Still, the nooses and signs at the Capitol were a chilling reminder of how contentious the Mississippi race has become. No one immediately claimed responsibility for the nooses or the signs, and Gov. Phil Bryant said that he had asked the FBI to assist with the state’s inquiry.

The nooses were a particularly searing display in a state that had 654 African-American lynching victims from 1877 to 1950, according to research published by the Equal Justice Initiative. And two of the placards appeared to refer to the election: “We want leaders who give honest apologies and can be humble enough to admit when they’re wrong!!!!!” one said. And another: “On Tuesday November 27th thousands of Mississippians will vote for a senator. We need someone who respects lives of lynch victims.”

Republicans noted that Hyde-Smith had enlisted Mr. Trump’s help long before controversy swelled around her candidacy.
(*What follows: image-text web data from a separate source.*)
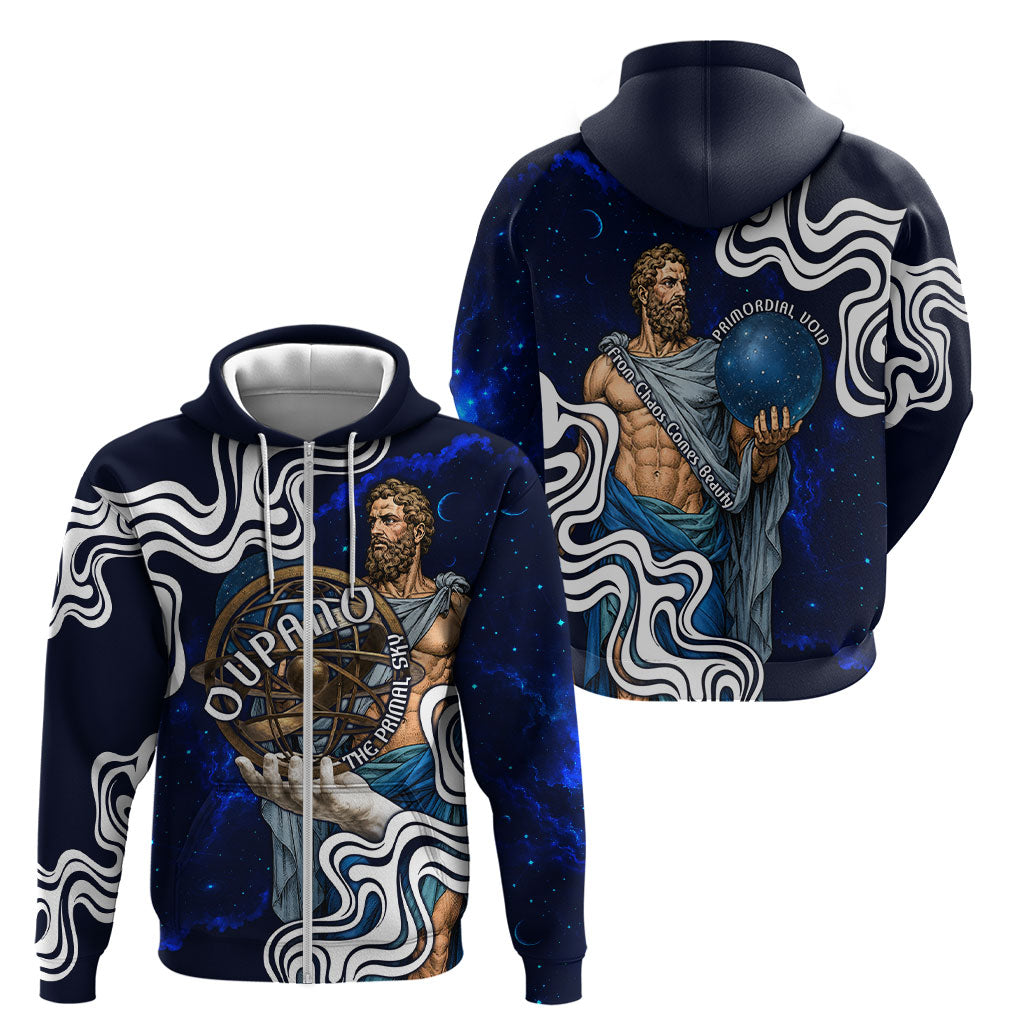 Uranus The Primal Sky Greek God Zip Hoodie Vintage Celestial Armillary Sphere Cosmos Mythology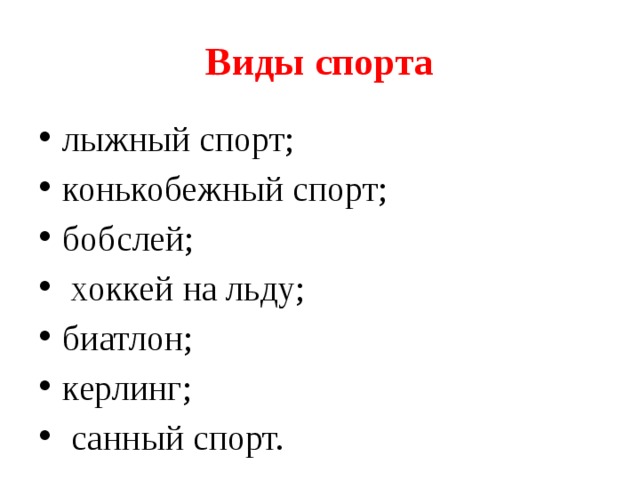 Виды спорта лыжный спорт; конькобежный спорт; бобслей;  хоккей на льду; биатлон; керлинг;  санный спорт. 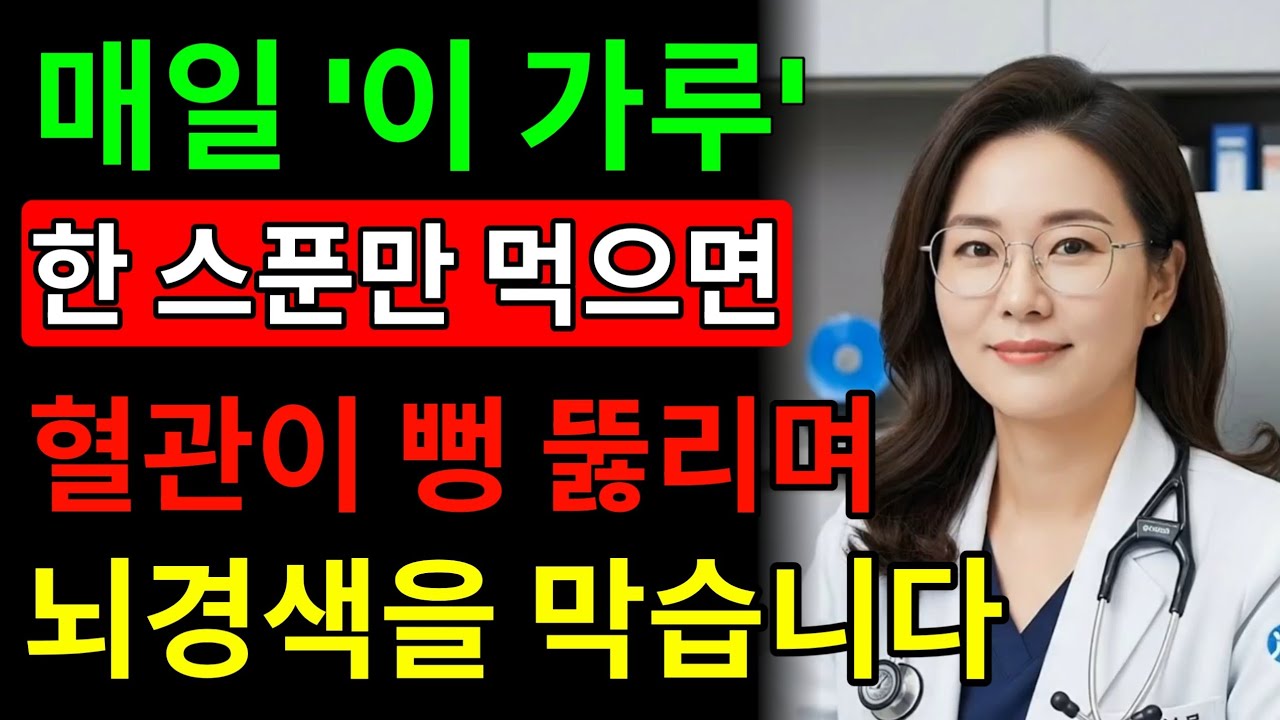 뇌경색 예방하는 혈관 건강 비법! 의사들이 숨긴 3가지 음식과 가루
“He’s seen as a positive influence by most Mississippians, certainly people who would be inclined to vote for Cindy Hyde-Smith,” said State Rep. Greg Snowden, the second-ranking Republican in the Mississippi House of Representatives.

A Democratic colleague agreed.

“He is going to have some effect because the people who are Trump supporters are so mesmerized by him, they overlook all of his warts,” said State Rep. D. Stephen Holland of Tupelo, who owns a funeral home near the airport that hosted one of Trump’s rallies. “The real question is whether he’ll get their spirits fired up, and will they actually go to the polls?”